May 20, 2019
Trademark Licensees Keep Their Rights When Their Bankrupt Licensors Reject the Licenses
In Mission Product Holdings, Inc. v. Tempnology, LLC, the Supreme Court held that when a bankrupt trademark licensor rejects the trademark license agreement license (as it is entitled to do under the bankruptcy law) it does not automatically terminate the licensee’s right to use the licensed mark. Under bankruptcy law, the rejection of the license agreement constitutes a breach of the agreement, but, the Supreme Court reasoned, the licensor’s breach does not necessarily terminate the licensee’s continued right to use the mark.
The bankruptcy law (Section 365(n)) protects the licensees of intellectual property from the effects of the rejection of their licenses. However, the bankruptcy statutes defines intellectual property as a (A) trade secret; (B) invention, process, design, or plant protected under title 35; (C) patent application; (D) plant variety; (E) work of authorship protected under title 17; or (F) mask work protected under chapter 9 of title 17. The omission of trademarks from this list led many, apparently including Tempnology, to believe that trademark licensees were not similarly protected.
The Supreme Court disagreed, saying that, read as generously as possible to Tempnology, this mash-up of legislative interventions in 365(n) does not say much of anything about the content of Section 365(g)’s general rule. The Supreme Court said that read less generously, it affirmatively refutes Tempnology’s position — the Court pointing out Congress enacted 365(n), as and when needed, to reinforce or clarify the general rule that contractual rights survive rejection. The Supreme Court concluded that Congress did nothing in adding Section 365(n) to alter the natural reading of Section 365(g)—that rejection and breach have the same results.
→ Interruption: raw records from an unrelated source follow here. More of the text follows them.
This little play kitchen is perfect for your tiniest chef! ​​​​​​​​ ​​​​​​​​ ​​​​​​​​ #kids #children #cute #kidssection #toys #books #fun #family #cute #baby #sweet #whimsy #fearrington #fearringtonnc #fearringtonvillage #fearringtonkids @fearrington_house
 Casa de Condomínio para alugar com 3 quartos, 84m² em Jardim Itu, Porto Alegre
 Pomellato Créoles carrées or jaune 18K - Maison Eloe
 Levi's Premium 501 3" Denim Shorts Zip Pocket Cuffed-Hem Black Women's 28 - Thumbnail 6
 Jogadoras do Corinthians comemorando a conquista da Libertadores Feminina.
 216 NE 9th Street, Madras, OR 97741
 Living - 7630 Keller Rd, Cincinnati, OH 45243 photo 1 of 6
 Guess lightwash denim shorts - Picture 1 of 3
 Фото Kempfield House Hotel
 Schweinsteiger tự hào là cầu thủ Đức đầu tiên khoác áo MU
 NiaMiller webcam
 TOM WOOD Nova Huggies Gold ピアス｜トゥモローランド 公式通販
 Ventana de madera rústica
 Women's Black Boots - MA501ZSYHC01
Tempnology argued for a special rule for trademarks, claiming that without the right to terminate the license, a bankrupt licensor risks losing the trademark because it cannot afford to exercise the quality control necessary to maintain the trademark. The Supreme Court found that Tempnology’s plea to facilitate trademark licensors’ reorganizations cannot overcome what Sections 365(a) and (g) direct. The Court noted that while the bankruptcy code aims to make reorganizations possible, it does not permit anything and everything that might advance that goal.
The Supreme Court concluded that while a bankrupt licensor has the right to reject the license agreement, this does not terminate the license, it merely terminates the licensor’s obligations under the agreement (which constitutes a breach of the agreement). If such a breach does not effect a termination of the agreement, then the licensee’s right to use the licensed mark continues.